Dla ZAKSY poprzednie rozgrywki były katastrofalne. Przegrała na każdym polu. W PlusLidze nie weszła nawet do play offu, nie zakwalifikowała się także do Pucharu Polski, a w Lidze Narodów nie wyszła z grupy. Nic dziwnego, że latem w zespole doszło do prawdziwego trzęsienia ziemi. W drużynie pozostali dwaj zawodnicy z USA, David Smith (środkowy) i Erik Shoji (libero), Norweg Andreas Takvam (środkowy), rumuński przyjmujący Daniel Chitigoi, rozgrywający Marcin Janusz i przyjmujący Jakub Szymański. Odeszło za to aż dwunastu zawodników, w tym liderzy, reprezentanci Polski: Łukasz Kaczmarek (Jastrzębski Węgiel), Bartosz Bednorz (Asseco Resovia) i Aleksander Śliwka (Suntory Sunbirds/Japonia). Zmienił się też trener. Adama Swaczynę zastąpił Andrea Giani, który prowadzi także reprezentację Francji.

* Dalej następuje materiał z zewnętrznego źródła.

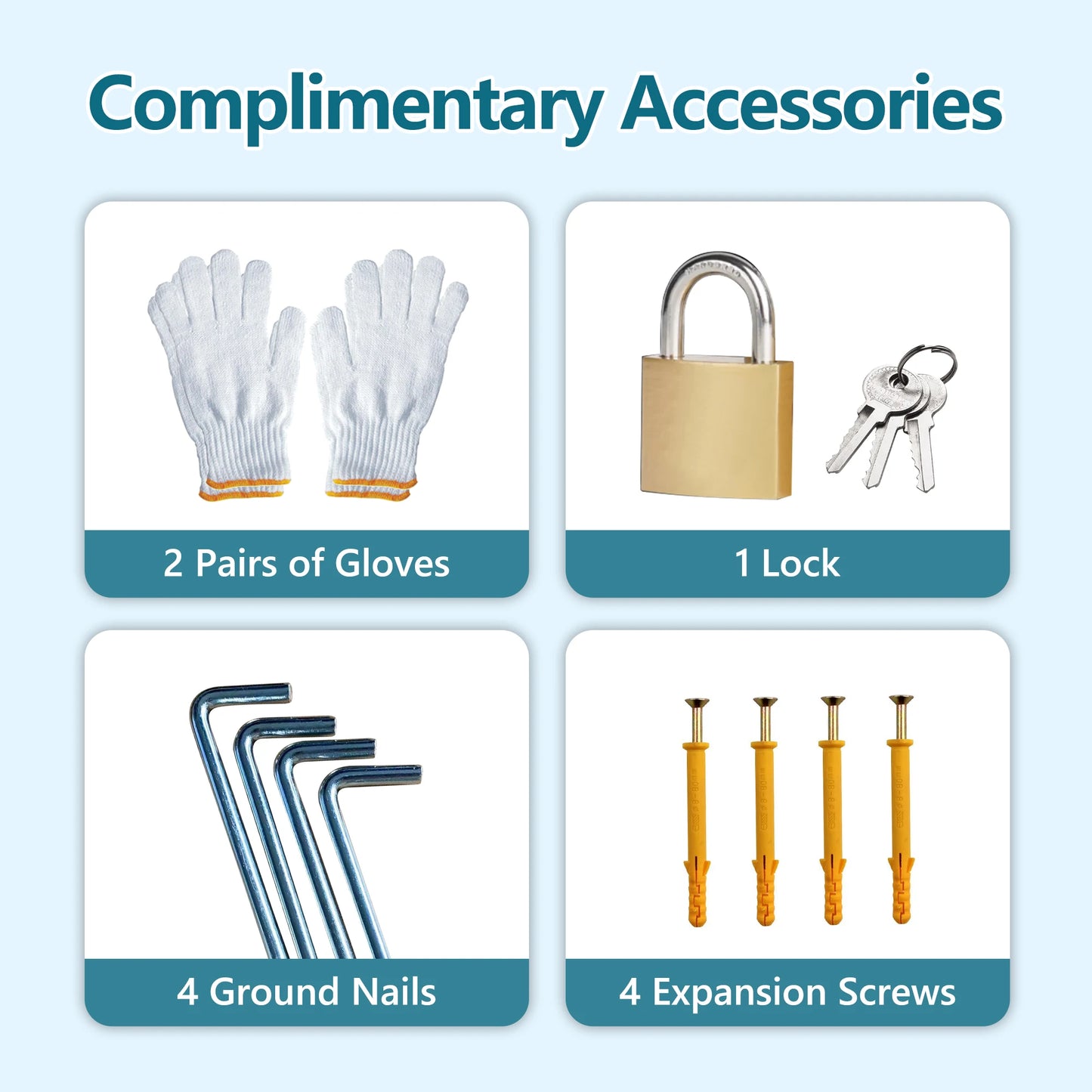 Galvanized Steel Outdoor Shed Weatherproof Lockable Storage Tools Bikes Pets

W drużynie pojawiło się ośmiu nowych graczy. Gwiazdą drużyny ma być Bartosz Kurek, kapitan reprezentacji Polski. Mocnymi punktami powinni być też Rafał Szymura oraz Mateusz Poręba. Ostatnim nabytkiem jest Karol Urbanowicz. Środkowy, który wcześniej jako senior grał tylko w Treflu Gdańsk, był w szerokiej kadrze biało-czerwonych na mistrzostwa świata w 2022 (wówczas zagrał też w meczach Ligi Narodów). Jednak trener reprezentacji Nikola Grbić nie postawił na niego w turnieju, który rozegrano w Polsce. – Zdaję sobie sprawę do jakiego klubu przechodzę, będę starał się jak najwięcej czerpać od takich zawodników jak chociażby David Smith. Po latach gry w Gdańsku chciałbym poznać uczucie gry pod bardzo dużą presją i wierzę, że to będzie mi tutaj dane. Chciałbym się jak najbardziej rozwinąć jako zawodnik i mam nadzieję, że klub mi w tym pomoże i ja też pomogę naszej drużynie. Jestem bardzo pozytywnie nastawiony i nie mogę się doczekać przeprowadzki do Kędzierzyna-Koźla – podkreślił nowy środkowy ZAKSY.